神戸市企画調整局デジタル戦略部課長(情報政策担当) 尾田 広樹 氏から、内製化の推進や内製化の事例紹介、デジタル人材の育成、業務改革の取組等についてご講演いただきました。「経験者採用やジョブ型雇用により“生きた知識”を取り込みつつも、任せきりにするのではなく、プロパー職員もチームに加わって知識を蓄えた。」と創意工夫のポイントや業務改善の実践事例を分かりやすくお話いただきました。
株式会社電通総研サステナビリティソリューション部部長 森田 浩史 氏から、総務省の地域デジタル基盤活用推進事業(推進体制構築支援)を活用した兵庫県内の取組についてご講演いただきました。「伴走支援から見えてきた共通課題は『スキル』と『組織』であるが、兵庫県では市町のDXをリードするため県職員をリエゾンとして派遣することにより行政目線で支援体制の強化を図ったことが有効であった。また、外部の事業者を活用して、ノウハウを補完することも重要である。」と述べられました。
内閣官房デジタル行財政改革会議事務局次長 吉田 宏平 氏から、デジタル行財政改革の取組の基本的方針、地方創生2.0との連携、国・地方のシステム共通化、重要性を増すデータの利活用に係る課題への取組やデジタル行財政改革の今後のスケジュールについてご講演いただきました。特に、今後はデータ利活用について法整備を含め検討していく方針とお話いただきました。
デジタル庁 チーフクラウドオフィサー(CCO) 山本 教仁 氏から、デジタル庁が整備・提供する、国・地方公共団体や準公共分野等において共通のクラウドサービスの利用環境であるガバメントクラウドの概要や利用の考え方、コスト削減への運用イメージについてご講演いただきました。難解なガバメントクラウドについて、可能な限り平易にご説明いただきました。

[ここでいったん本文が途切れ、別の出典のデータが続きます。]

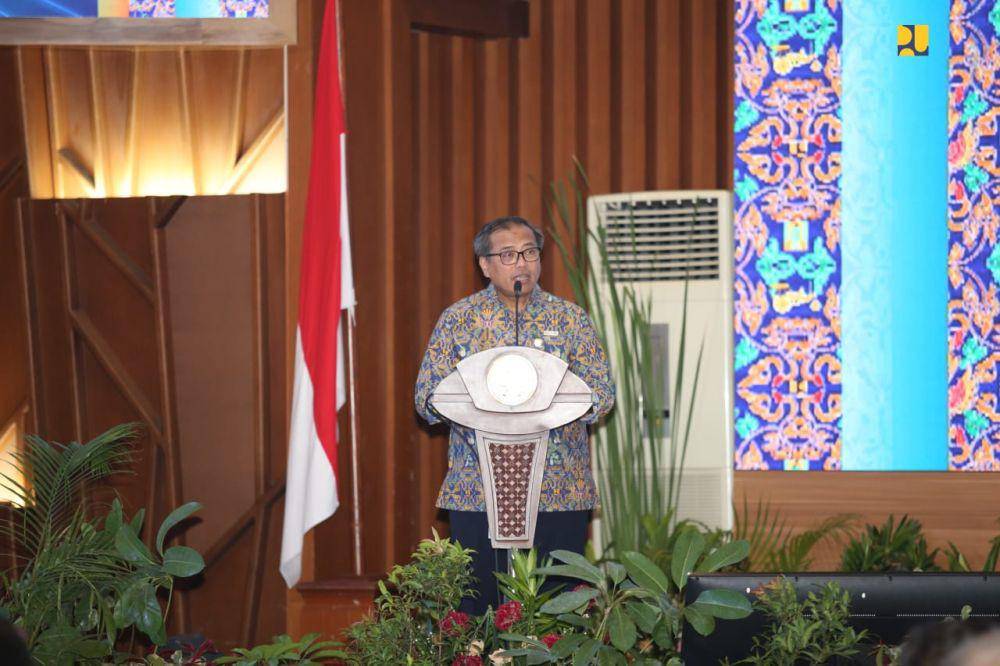 Kementerian Pekerjaan Umum dan Perumahan Rakyat (PUPR) bersama Kementerian Keuangan (Kemenkeu) melakukan serah terima Barang Milik Negara (BMN) Kementerian PUPR Tahun 2023 kepada Pemerintah Daerah (Pemda), Yayasan, dan Perguruan Tinggi, serta alih status penggunaan BMN kepada Kementerian/Lembaga (K/L) pada Rabu (29/11/2023) di Auditorium Kementerian PUPR. (Dok. Kementerian PUPR0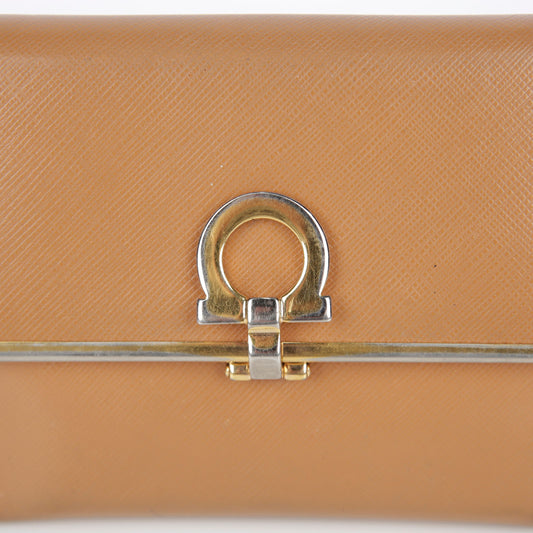 Salvatore Ferragamo Camel Pebble Leather Gancini Decoration Wallet 22 4639 27881054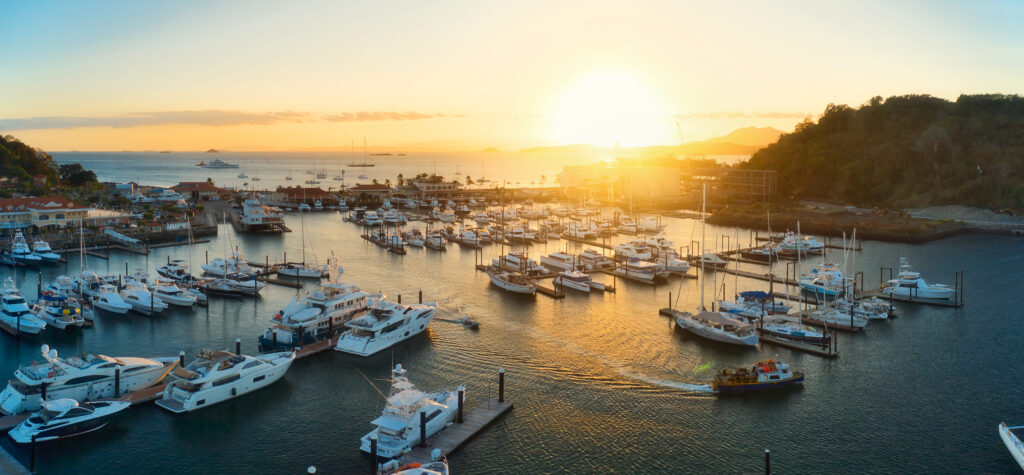 Vista aérea de los nuevos pantalanes de aluminio en Marina Flamenco, Panamá
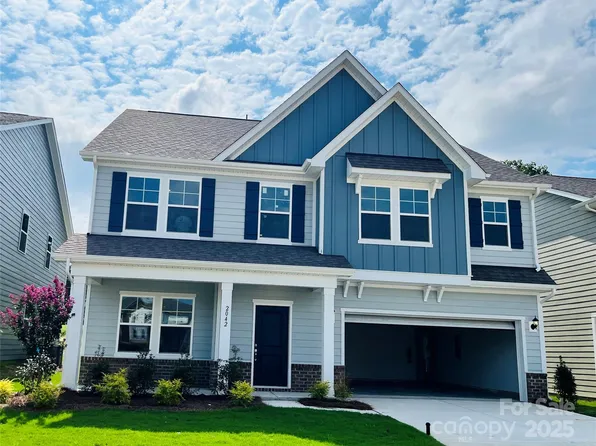 2042 Puddle Pond Rd, Indian Trail, NC 28079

和歌山市デジタル推進課システム班長 小松 亮 氏から、共同研究に取り組んだ経緯や標準システムのクラウド利用料やパッケージの利用料の試算、工数管理や共同利用方式を取り入れることによる費用削減効果等、共同研究の結果や考察や研究知見についてご講演いただきました。これからも、引き続き研究を通じてガバメントクラウド最適化に向けて、省力化やコスト削減につながる共同利用方式の特徴等も探っていきたいと述べられました。
デジタル庁参事官 古川 易史 氏から、ネットワークの将来像の検討背景、国・地方それぞれが直面する課題、なぜ2030年なのか、今後の進め方についてご講演いただきました。令和7年度には国・地方ネットワークの将来像の実現に向けた検証を実施し、技術実証だけでなく地域に共通する課題やその解決策等もあわせて検証していきたいと述べられました。
本セミナーは、デジタル人材の確保・育成に係る取組やガバメントクラウドに関心がある方に多くご参加いただき、終了後のアンケートでは、「デジタル人材の確保育成やデジタル基盤について、デジタル庁や自治体の取組状況など参考になり有意義だった。」等の感想が寄せられました。アンケートで頂戴した貴重なご意見等は、今後の企画や取組の参考とさせていただきます。
近畿総合通信局では、今後もこのようなセミナー開催を通じ、近畿地域のデジタル化を推進してまいります。